En d’autres termes, ce que n’importe quelle «force de l’ordre» était trivialement capable de faire il y a quelques décennies – intercepter les correspondances de n’importe qui – est aujourd’hui devenu la prérogative exclusive de certaines agences de renseignement, et dans certains cas seulement. Certes, les solutions cryptographiques peuvent encore présenter des vulnérabilités, voire des portes dérobées, mais l’exploitation de ces vulnérabilités éventuelles, et à fortiori l’utilisation devant un tribunal de ces communications interceptées (ce qui révélerait leurs capacités) n’est absolument pas pratique du tout.

En effet, tout scénario de risque doit être considéré selon trois facteurs: la probabilité de survenance, l’impact en cas de survenance, et le coût de mise en œuvre. Combien coûte une atteinte à notre vie privée désormais, pour peu qu’on prenne le soin de la protéger? Ce coût est-il proportionnel à la valeur des informations volées? Dans la plupart des cas, et pour la plupart des gens, il est devenu possible de rendre ce coût totalement disproportionné.

Ainsi, lorsqu’on dit que le réseau Tor, ou les algorithmes SHA-2 ou AES, ou toutes autres technologies financées par le pouvoir ne sont pas sûres, on a raison dans un sens, mais ce raisonnement est simpliste. En pratique, et dans la plupart des cas, nos communications sont sûres si on le souhaite. Les ressources nécessaires pour intercepter nos communications sont beaucoup plus importantes qu’elles ne l’étaient auparavant, si la protection de la sphère privée est une chose à laquelle on tient.

Précautions de base

Quelles sont donc les précautions à prendre?

Premièrement, et ça tombe sous le sens, ne pas partager sa vie privée sur Facebook et d’autres plateformes.

Deuxièmement, ne pas emmener son téléphone dans un endroit où on n’est pas censé être, privilégier un système d’exploitation open source tel que LineageOS, et préférer les applications de messagerie instantanée open source comme Element.

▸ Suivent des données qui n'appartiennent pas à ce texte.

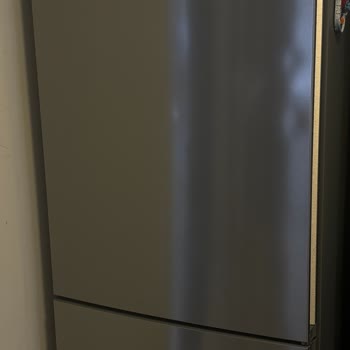 Ankara Siemens Buzdolabımda Göçükler Var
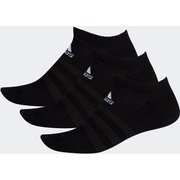 パフォーマンス3Pアンクルソックス FXI60 DZ9385 ブラック/ブラック/ブラック Lサイズ(28-30cm) [ソックス]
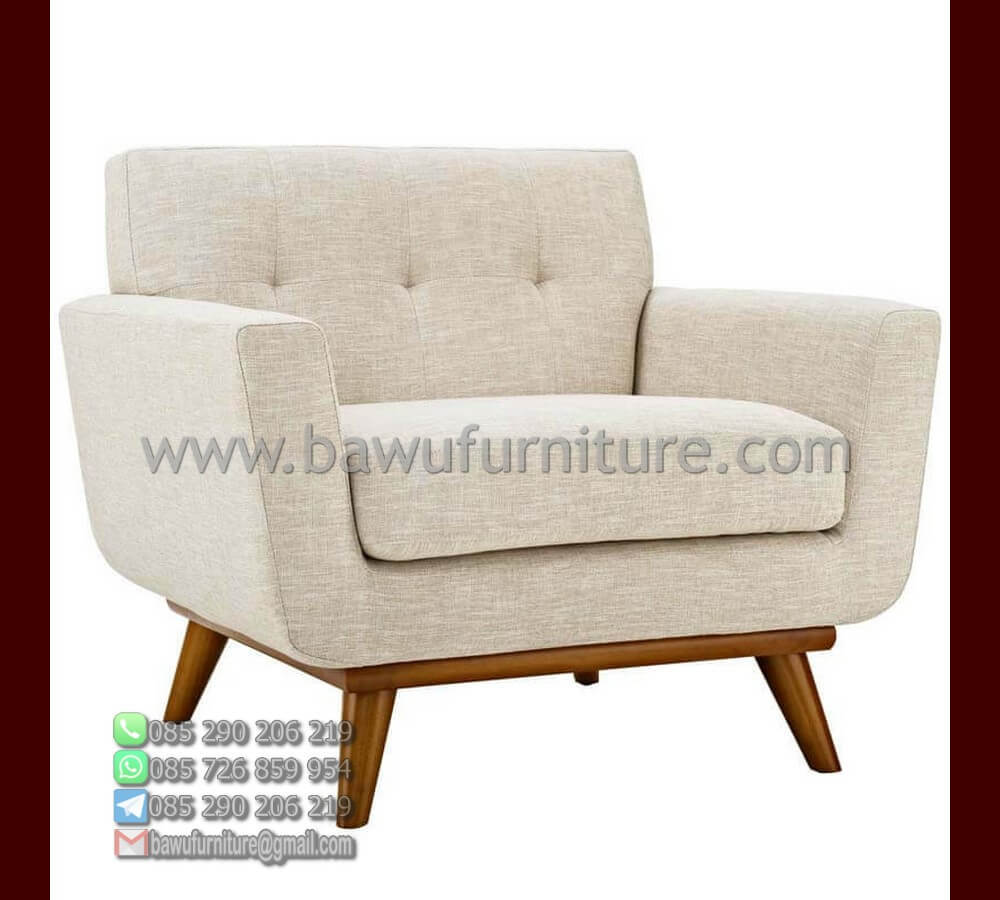 Sofa Minimalis 1 Seater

Troisièmement, s’assurer que ses appareils sont dotés d’un système de chiffrement des données, et ne pas installer n’importe quoi dessus; toujours privilégier l’open source.

Quatrièmement, s’appuyer sur la cryptographie open source pour les communications chaque fois que c’est possible.

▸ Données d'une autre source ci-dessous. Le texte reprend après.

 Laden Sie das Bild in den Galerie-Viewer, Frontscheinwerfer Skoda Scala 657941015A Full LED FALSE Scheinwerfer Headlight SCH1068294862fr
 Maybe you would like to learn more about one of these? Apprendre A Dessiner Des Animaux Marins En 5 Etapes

En suivant ces quatre mesures, on bénéficiera ainsi déjà d’un niveau de confidentialité qui était autrefois réservé aux personnes très riches.

Cet article était le premier d’une série, dans laquelle nous rentrerons dans les détails, et où on offrira plus de solutions. Nous tenterons de rendre le «crypto-anarchisme» à la portée de tous.

En conclusion

Rappelons le principal axiome de la philosophie politique: la principale menace à la prospérité, à la santé et au bonheur vient, sur tous les continents et à toutes les époques, du pouvoir politique. Le pouvoir corrompt, et le pouvoir absolu corrompt absolument. Or ce pouvoir dépend d’une machine de contrôle fragile, complexe, et centralisée, dont le principal ennemi est l’initiative humaine individuelle, décentralisée et libre.

L’État vole plus de données qu’auparavant, mais un pourcentage beaucoup plus important de toutes les communications est devenu opaque pour les tyrans. Ces tyrans et leurs propagandistes tentent de nous convaincre que l’idéal de la sphère privée est sans espoir, et que nous devons donc y renoncer complètement. Mais ils mentent, car c’est le contraire qui est vrai.

Nous en ferons plus ample démonstration, et nous vous en donnerons les clés.